Mexican actress (born 1966)

Diana Sabine Moussier (/es/; born on July 12, 1968) is a Mexican actress who is best known for her villainous roles in Televisa's telenovelas, such as María Isabel, El privilegio de amar, Entre el amor y el odio, La madrastra, Amar sin límites, Piel de otoño, Amor sin maquillaje, Las tontas no van al cielo, Mi pecado, Abismo de pasión, La malquerida, Que te perdone Dios, Sueño de amor, Me declaro culpable and Perdona nuestros pecados. She starred as the protagonist in Ni contigo ni sin ti.

== Biography ==
Diana Sabine Moussier was born on July 12, 1966, in Leverkusen, North Rhine-Westphalia, West Germany. Her mother was from Sinaloa, Mexico, and her father was from Mexico City. During her pregnancy, her mother temporarily moved to Germany. Shortly after her birth, both returned to Mazatlán, Sinaloa, where Moussier grew up. Throughout her childhood and youth, her mother made her believe that her real name was Diana Sabine Kronz Moussier, based on a fake birth certificate. Additionally, she told her that her father was a German man whom she had separated from due to circumstances related to the Berlin Wall.

=== Career ===
Soon after graduating from CEA, Moussier found work as the co-host of Al ritmo de la noche with Jorge Ortiz de Pinedo. In 1996, she was cast in minor roles in Morir dos veces and Luz Clarita. The following year, Moussier portrayed the pianist Mireya Serrano in María Isabel.

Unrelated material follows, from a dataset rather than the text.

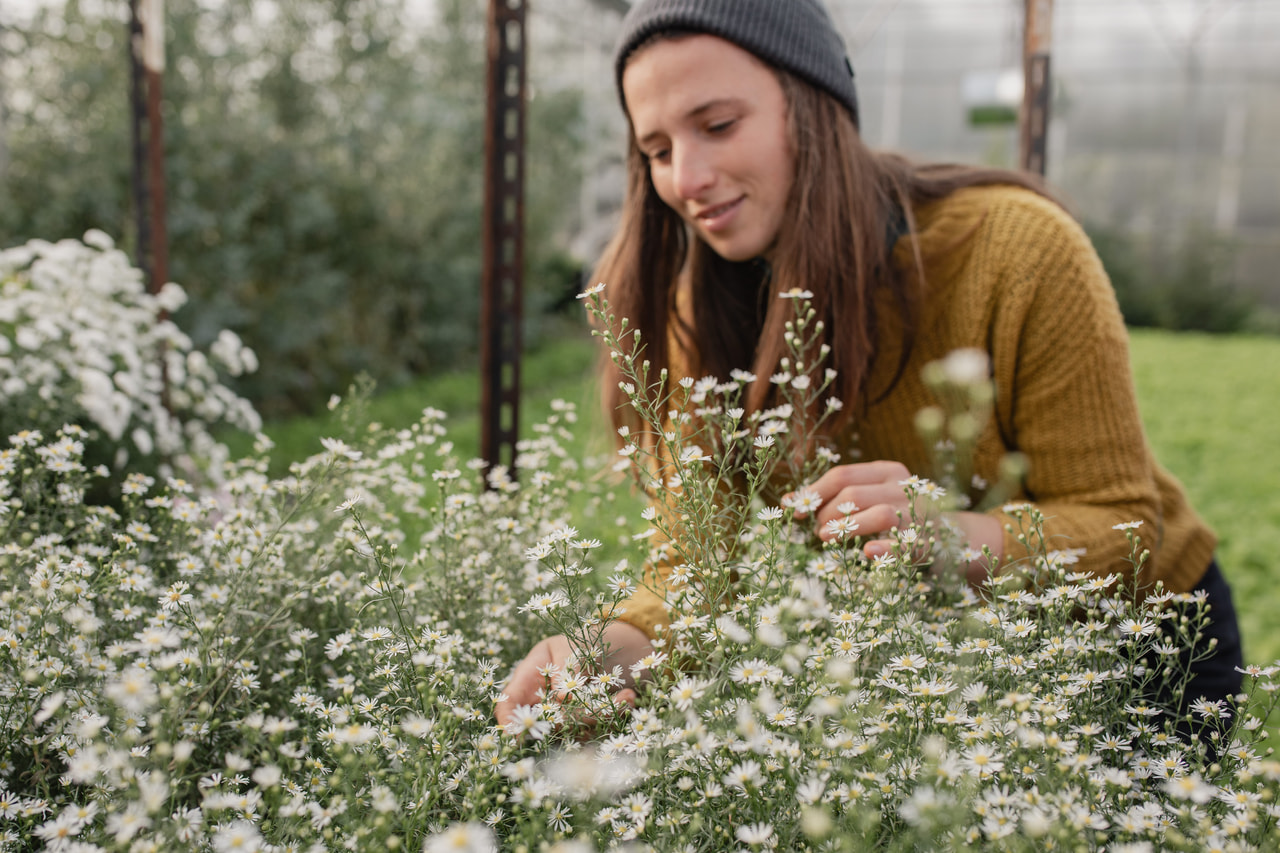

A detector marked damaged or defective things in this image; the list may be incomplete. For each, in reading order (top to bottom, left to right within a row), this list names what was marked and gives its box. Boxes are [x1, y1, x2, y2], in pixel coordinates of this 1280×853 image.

Moussier's recognition increased in 1998 when she was cast in El privilegio de amar as the sympathetic model Lorenza Torres, which some have referred to as Moussier's best role yet. Moussier later won the award for Best New Actress at the 1999 Premios TVyNovelas ceremony for her portrayal of Lorenza. That same year, she took on the role of the adulterous Diana de Lizárraga in Mujeres engañadas, alongside Arturo Peniche.

In 2001, Moussier joined the cast of El derecho de nacer (a remake of the 1981 telenovela) as Graciela, a seemingly demure secretary who, disguised as a nun, frequents Yucatec brothels in order to satisfy not only her clients' base desires, but her own as well. The following year, she starred alongside César Évora and Susana González in Entre el amor y el odio, in which she portrayed the scheming Frida, the series' primary villainess, who plots alongside the odious Marcial (Alberto Estrella) to marry Évora's Octavio and gain control of his family's lands.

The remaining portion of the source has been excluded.